OxfordBuildbay now has both an Android and iOS app. On the app, there is a wallet facility for users to store value. They have integrated Paystack to accept payments, which can be automated at any time the user chooses.
On the app is an array of lands to select from after signing up. There is also an investment section, where users can make an investment in some of the cash flow businesses, like dredging, that Oxford runs.
It’s been two years of operation, and according to Adeniji, the platform has over 25,000 users, translating to over 25,000 slots of land. The platform sells lands per slot, and a slot is 250 square meters or, as popularly called, half-a-plot.
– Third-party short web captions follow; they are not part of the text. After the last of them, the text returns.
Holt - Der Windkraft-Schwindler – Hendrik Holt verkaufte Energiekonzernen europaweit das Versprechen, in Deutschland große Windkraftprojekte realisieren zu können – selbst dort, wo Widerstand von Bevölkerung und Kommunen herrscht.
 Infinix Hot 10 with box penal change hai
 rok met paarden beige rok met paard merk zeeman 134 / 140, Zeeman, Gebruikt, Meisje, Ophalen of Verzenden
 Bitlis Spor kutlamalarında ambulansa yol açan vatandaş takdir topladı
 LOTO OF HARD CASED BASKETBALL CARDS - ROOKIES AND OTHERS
Nwachukwu insisted that the company doesn’t have any hidden charges. “We don’t charge any allocation or documentation fee, and our users are allowed to automate their payment so that agency fee, zero documentation fee and allocation can be between the sixth and 12th months while the payment is ongoing,” he said. Nwachukwu, who currently doubles as the company’s head of growth and chief financial officer, claimed OxfordBuildbay has essentially saved Nigerians close to ₦3 billion on the extra cost of omo-onile and legal errands incurred.
While OxfordBuildbay may appeal more to low-income earners, Nwachukwu said financially buoyant individuals are also using their platform. OxfordBuildbay has also created a landing pad for users who are lagging in payment: their payment is restructured either by reducing the amount paid at an interval or extending the interval at which the money is being paid. However, in cases of acts of God, like sickness, the company has partnered with a health insurance company to provide coverage to its users.
“This is to show that we care about the people,” Nwachukwu said. “We are optimising for the democratising of home ownership in Nigeria, and good health is a recipe for making that happen.”